Malgré le fait qu'un deuil normal dure en moyenne deux ans, la société n'accorde généralement que deux semaines pour exprimer son chagrin. Après ce délai, la peur de voir la personne endeuillée sombrer dans une dépression, ou encore se complaire dans sa souffrance, incite l'entourage immédiat à intervenir de façon à accélérer le processus du deuil.
Ainsi, il n'est pas rare de voir des personnes, pourtant bien intentionnées au départ, causer plus de mal que de bien dans leur désir d'aider. Une dame me racontait qu'à la mort de son mari, un ami s'était présenté au salon funéraire pour lui offrir ses condoléances. Dans le but de la réconforter, il lui avait dit que sa beauté ferait en sorte qu'elle n'aurait aucune difficulté à se remarier... L'homme en question voulait sans doute détendre l'atmosphère. Peut-être aussi que la souffrance de son amie lui était insupportable.
Il est donc très important de connaître quelques principes de base quand vous offrez votre soutien.
L'importance des émotions
Lorsque vous voulez aider une personne endeuillée, sachez d'abord que faire le deuil d'un proche demande du temps et qu'il n'existe aucun raccourci bénéfique pour éviter la souffrance provoquée par la perte d'un être cher. Cependant, il y a des attitudes aidantes qui permettent de mieux traverser l'épreuve. Si vous croyez qu'être « fort » consiste à refouler ses émotions, vous êtes déjà sur la mauvaise voie car, tôt ou tard, la souffrance trouvera son chemin. Soit elle se manifestera de façon amplifiée lors d'une épreuve ultérieure, soit elle fera des dommages plus sournois sur l'état de santé de la personne concernée. Alors, aussi bien encourager l'expression des émotions, même si parfois il vous arrive d'avoir l'impression que le deuil ne se fait pas. Néanmoins, si vous constatez que la personne endeuillée n'arrive pas à surmonter l'épreuve malgré le support de son entourage, peut-être serait-il sage alors de l'inciter à s'inscrire à un groupe d'entraide pour personnes endeuillées, ou encore à consulter un professionnel de la santé. Celui qui fait cette démarche ne doit surtout pas en avoir honte. Au contraire, demander de l'aide démontre une grande maturité, celle de reconnaître que l'on est dépassé.
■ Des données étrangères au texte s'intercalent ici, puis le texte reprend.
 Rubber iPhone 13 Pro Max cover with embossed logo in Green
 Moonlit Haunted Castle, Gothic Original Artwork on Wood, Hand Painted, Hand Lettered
La disponibilité et l'écoute
Le travail de deuil demande beaucoup d'énergie. C'est une période de manque d'appétit, de sommeil perturbé et de larmes. Chaque jour devient un fardeau et les tâches normales de la vie se font lourdes à porter. Le chagrin prend déjà toutes nos forces et il ne reste plus rien pour le reste. Alors si vous le pouvez, soyez disponible lorsque tous les autres auront quitté le navire après les deux premières semaines accordées. Offrez de votre temps pour aider dans les tâches ménagères ou pour la préparation des repas. Ou encore, prenez les enfants avec vous quelques jours afin de donner un peu de répit aux parents... et aux enfants, qui souffrent aussi.
Enfin, soyez une bonne oreille et faites-vous rassurant. Il arrive souvent que la personne endeuillée vive un fort sentiment de culpabilité pour une raison ou une autre. Qu'elle ait raison ou non, ce n'est pas le temps des confrontations. Ce n'est surtout pas le moment de faire la morale. Trouvez plutôt des paroles qui sauront l'apaiser. Faites preuve d'empathie, c'est-à-dire essayez de vous placer dans la peau de l'autre. Quand mon jeune frère est décédé à l'âge de deux mois, notre voisine de palier, que nous connaissions à peine, s'est présentée chez nous le jour même. Elle ramassa tous les effets personnels du bébé et les apporta chez elle, en précisant que ma mère pourrait les récupérer dès qu'elle se sentirait prête à le faire. Ensuite, elle nous amena, mon frère aîné et moi, avec elle pour quelques jours. Cet événement remonte à plus de 45 ans, ma mère est âgée maintenant et plusieurs souvenirs se sont envolés, mais elle se rappelle encore à quel point cette femme avait compris sa grande détresse. Elle se rappelle aussi avoir été profondément blessée lorsqu'une personne lui a dit qu'elle était quand même chanceuse d'avoir d'autres enfants...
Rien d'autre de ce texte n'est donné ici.